NWT: "Most accurate translation" -Who says?

by Leto 12 Replies latest watchtower bible

  • Leto
    Leto

    I remember when I was a witless, I spouted the words "It's the most accurate translation".... I'm sure you did too :)

    I've been researching the topic of just how badly the NWT is mistranslated. I keep finding more and more examples of blatant mutilation of scriptures in the NWT.

    For the record, I love to know just where are they finding these "scholars" to prop up their assertions that their joke of a bible is the "most accurate"? Does anyone know of any?

  • brotherdan
    brotherdan

    Jason BeDuhn...and was totally wrong and unqualified to say so due to his lack of training in any biblical language.

  • brotherdan
    brotherdan

    Here's a review of Jason BeDuhn and his qualifications:

    http://www.forananswer.org/Mars_Jw/JB-RH.Jn1_1.Index.htm

  • Liberty93
    Liberty93

    If he teaches greek at a university, as the site to which you linked asserts, then he does have training in a biblical language.

  • jonathan dough
    jonathan dough

    Almost every website addressing the accuracy of the NWT is listed here and very few defend its accuracy.

    http://www.144000.110mb.com/directory/new_world_translation_bible_holy_scriptures.html

  • DanaBug
    DanaBug

    But what kind of Greek does Jason BeDuhn teach? That's important.

  • TD
    TD

    BeDuhn's approval of the NWT was hardly unqualified.

    He based his comparison on a very small sampling of contested renderings and said himself that the results would probably have been different with another sampling.

    He also including a scathing critique on the NWT's use of the name Jehovah in the NT without a textual basis.

  • wannabefree
    wannabefree

    I have said it before ... BeDuhn's Truth in Translation was very helpful to me in reading the New World Translation with a different slant. I wanted to believe it was accurate so I read Truth in Translation, it made me appreciate the accuracy of the texts that he did compare, but the additional information he provided and reading between the lines made even the NWT take on a new meaning for me.

    Example ... John 1:1, BeDuhn says the NWT is MORE accurate in it's rendering, but, he says it would be even better to say "... and the Word was divine", to me, this neutralizes John 1:1 for both trinitarians and JW's. Also, of course, his chapter on why he thought it was going beyond a translation to include Jehovah in the NT and how the NWT translation committee chose not to follow their own rule about rendering Lord as Jehovah a few times. However, the study edition does show Jehovah in the footnote. I felt the NWT study edition was honest in that even in the scriptures that prove problematic with alternate renderings, they do show the alternate in the footnote.

    Since an Awake quoted BeDuhn's work on their use of John 1:1, I thought it only fair to take into consideration his criticisms as well.
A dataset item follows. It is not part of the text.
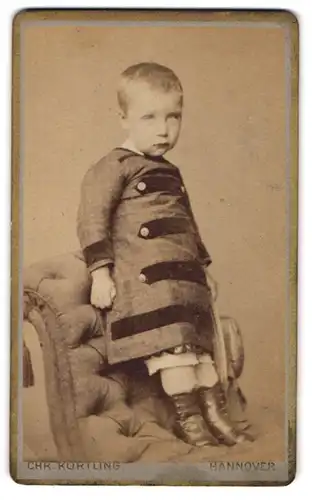 Fotografie Chr. Körtling, Hannover, Georgstr. 25, Kleines Kind in modischer Kleidung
This helped open my eyes to Watchtower bias.

  • Bungi Bill
    Bungi Bill

    The one scholar that I know of who had only favorable things to say about the New World Translation was Alexander Thompson.

    Thompson, apparently, was "Advisor to the Queen" (i.e. of England) on Biblical Languages.

    (Presumably, the King or Queen of England requires such an advisor, because he/she is automatically head of the Church of England?)

    Anyway, I - along with most other publishers I knew when I first "came into the Truth" - always carried a photocopy of Alexander Thompson's praise of the NWT. When anybody disputed the accuracy of that "green" bible we all carried, this document would be waved in their faces!

    That 7 x 5 inch card, though, did not list Thompson's academic qualifications - so I have no idea of what his background actually was:

    This photocopy seemed to think that being "Advisor to the Queen" more than qualified him to know what he was talking about!

    Bill.

  • PSacramento
    PSacramento

    The NWT is NOT a bad translation it is heavily baised in many regards, more so than most translations but then again it is translation for JW's and not for Christians per say.

    The issue od inserting Jehovah in the NT aside and the incorrect rendering of "a god" in John 1:1, it is actually a pretty good one, considering what it was created for.

    The writers of the NWT can thank the many copies of the many other bibles they used to create the NWT, since none of them were qualified to make it from "scratch".